* _Supplied data_:
=== Section Start ===

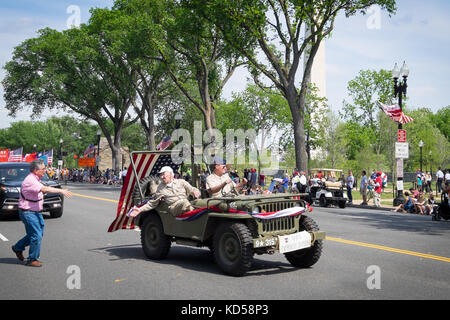 Washington DC - 25. Mai 2015: am Memorial Day Parade, ein Zuschauer, hetzte die Hände mit einem älteren Veteran der Hoch dekorierte wwii 99th zu schütteln Stockfoto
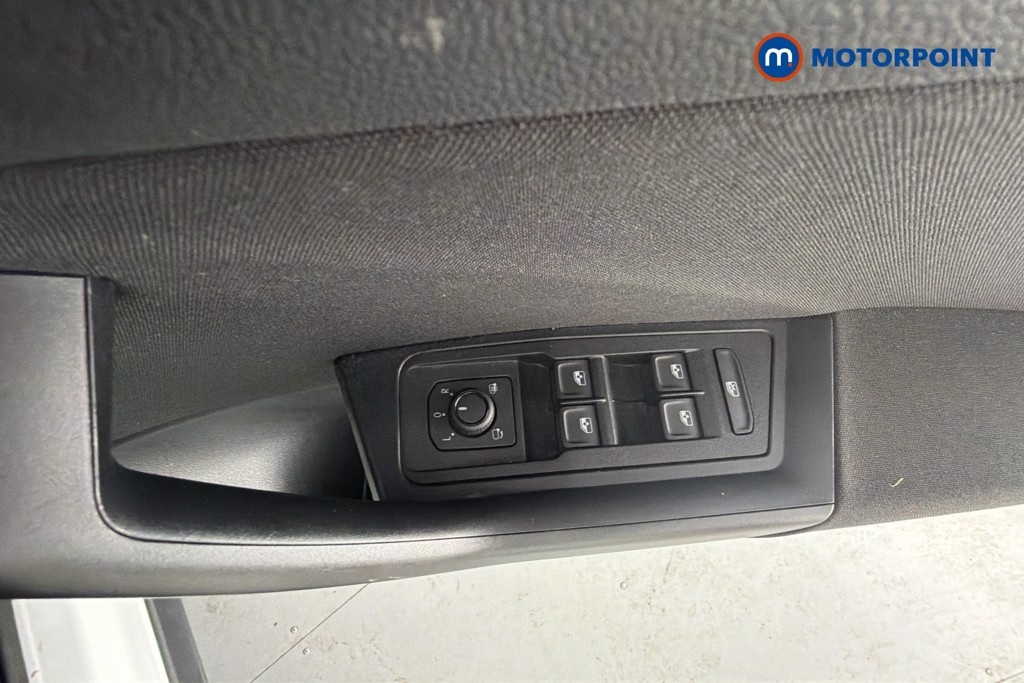 Volkswagen T-Roc Life Manual Petrol SUV - Stock Number (1662528) - 20th supplementary image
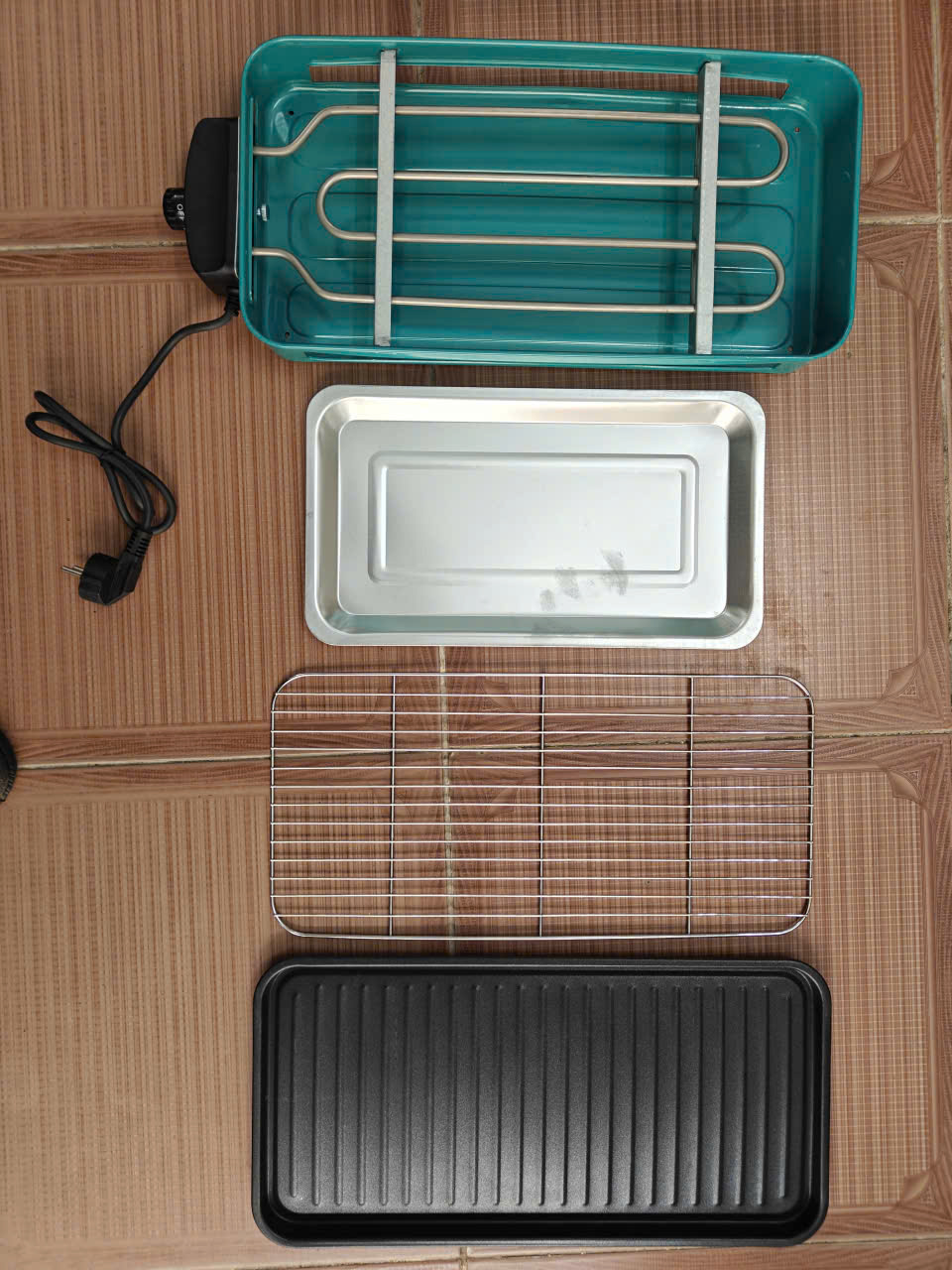 Bếp Nướng Điện Bbq Không Khói Hàn Quốc Mr-001 1600W Kèm Vỉ Nướng Và Khay Nướng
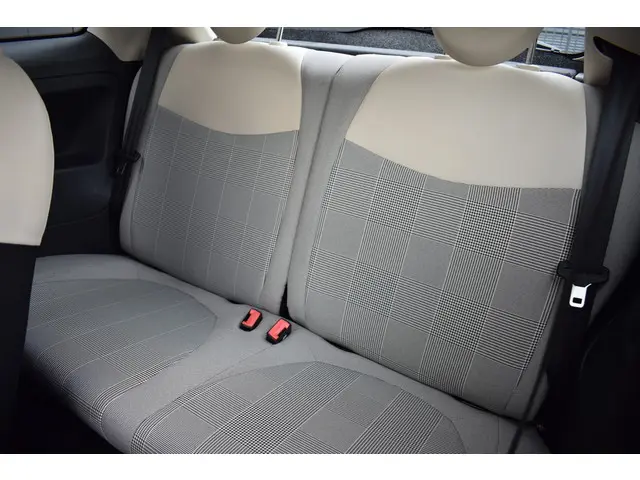 Fiat 500 1.2 Lounge 2014 Benzine 8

=== Section End ===

Everything from the line containing "Volkswagen T-Roc Life" through the last line of the listing above must be output exactly, except the pictures.

* _Response to this task_:
 Volkswagen T-Roc Life Manual Petrol SUV - Stock Number (1662528) - 20th supplementary image
 Bếp Nướng Điện Bbq Không Khói Hàn Quốc Mr-001 1600W Kèm Vỉ Nướng Và Khay Nướng
 Fiat 500 1.2 Lounge 2014 Benzine 8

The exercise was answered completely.